**Task inputs**
========

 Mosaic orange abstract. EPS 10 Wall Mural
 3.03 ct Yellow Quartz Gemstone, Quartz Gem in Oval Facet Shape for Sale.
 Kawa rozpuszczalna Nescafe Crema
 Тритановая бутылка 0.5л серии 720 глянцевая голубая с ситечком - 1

========

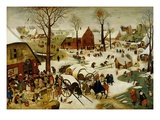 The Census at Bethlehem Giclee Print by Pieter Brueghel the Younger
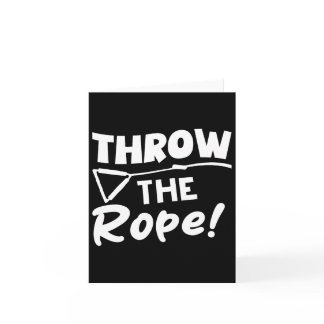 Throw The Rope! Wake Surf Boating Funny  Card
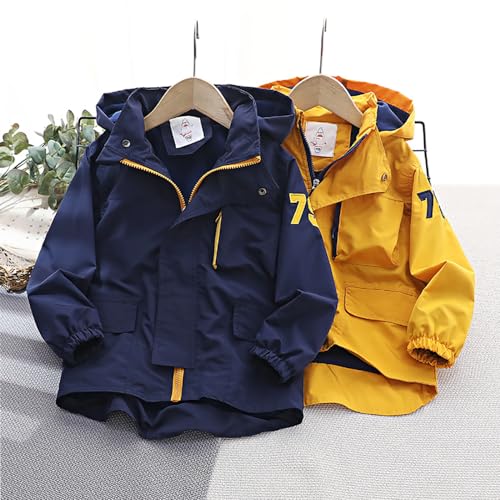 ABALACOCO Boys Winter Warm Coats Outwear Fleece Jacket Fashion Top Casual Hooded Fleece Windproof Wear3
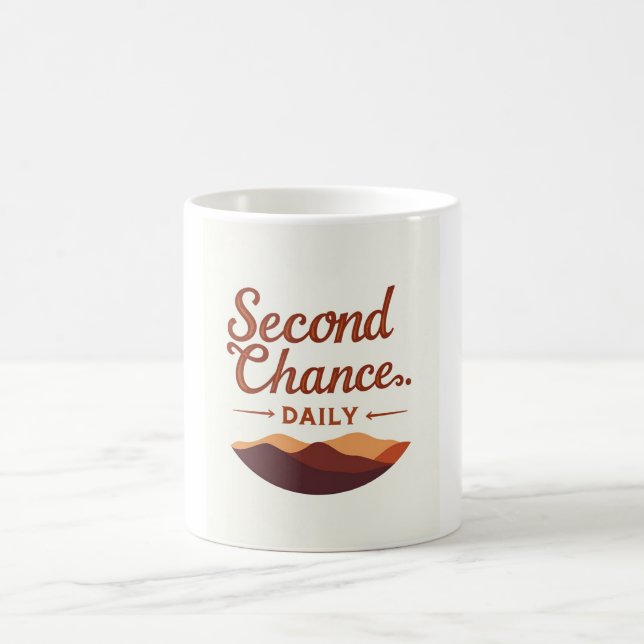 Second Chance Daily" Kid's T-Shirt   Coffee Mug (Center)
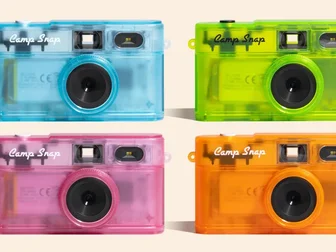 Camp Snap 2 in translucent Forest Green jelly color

========

**Instructions to follow**
Within the material above, the line with "Mosaic orange abstract. EPS 10 Wall Mural" opens the range and the line with "Тритановая бутылка 0.5л" closes it; reproduce that range word for word.

**Solution for this exercise**
 Mosaic orange abstract. EPS 10 Wall Mural
 3.03 ct Yellow Quartz Gemstone, Quartz Gem in Oval Facet Shape for Sale.
 Kawa rozpuszczalna Nescafe Crema
 Тритановая бутылка 0.5л серии 720 глянцевая голубая с ситечком - 1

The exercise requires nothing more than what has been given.